Detailed and practical.

Why not both?

How did smiths do this shit? I can't even draw a circle on a sheet of paper.

Yes.
Depends on the setting. Crusaders? Plain
Warhammer Fantasy? Dangly bits without end

fpbp

/thread

I enjoy both

Depends on the setting.

Given that I generally prefer more over the top settings, I do enjoy ostentatious or otherwise ridiculous fantasy armour. Including but not limited to massive bulging codpieces.

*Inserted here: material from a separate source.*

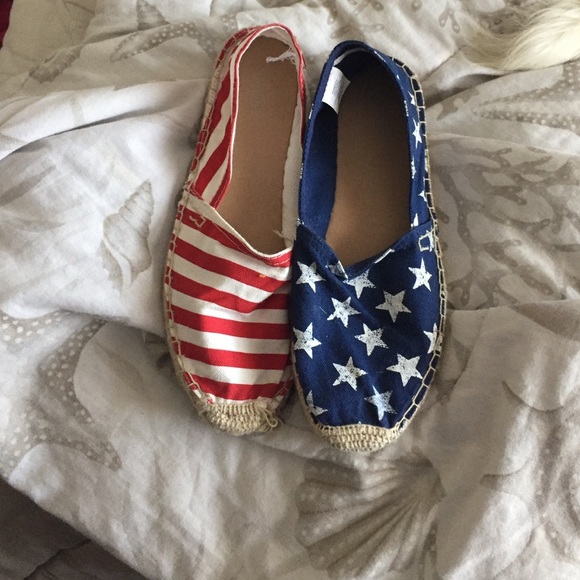 American flag slip ons and low ride black socks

>Grand Duelist of the Order of the Merciful Blade
>While in the Order headquarters, armor is embellished with lots of bling, etchings and ornate silverwork.
>Assassins of the Hidden Hand Temple ambush him in his office, convinced that his ceremonial armor is useless in combat.
>They're right.
>Grand Duelist sighs, then loosens a buckle from his shoulder.
>As the buckle comes loose, fur cape falls off, ornamentations clatter to the ground, pauldron decorations slide off his shoulders.
>Stepping over the fallen decorations, a man in a sleek suit of armor draws his sword.
>"Good morning, gentlemen."
>It's evening.

Both is good

Skimpy.

Depends on the setting and the character.

With a lot of practice. The craziest part is that the number of flaws in these period sets of armor suggests that smiths almost never threw out pieces they messed up on, they just made it work and shipped it out. Which means that the set that you're seeing was probably made all in one go, with no do-overs.

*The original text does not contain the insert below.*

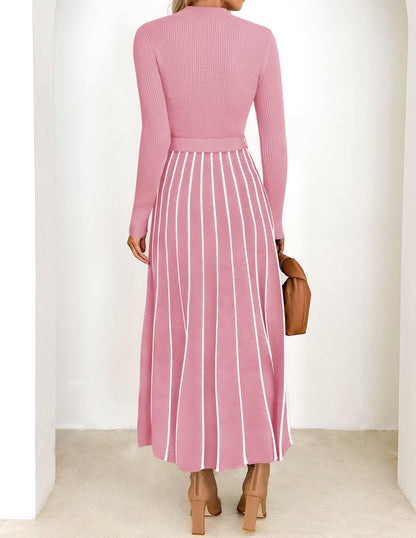 Belted Turtleneck A-Line Sweater Dress The Nichole Collection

When I was young I was really into the ludicrous details of royal and ceremonial armor.

But with every year that passes I fall more in love with the plain and mundane. The simple mass produced armor meant not to show off but to keep you alive on the field.

Just thinking about how many hundred of smiths were employed to field a whole army's worth of armor made precisely for its cost-effectiveness makes my heart go doki doki.

>ambush a Grand Duelist
>he is in full armor
>he has time to sigh
>he has time to unbuckle a button
>he has time to step out of the mess of his decorations

might as well fight him with the decorations on because that assassin is shit-tier

Pardon the phone picture

Shit. Fuck phones.

Whenever I see this I always wonder what the fuck was wrong with those historians who scrapped paint off armor?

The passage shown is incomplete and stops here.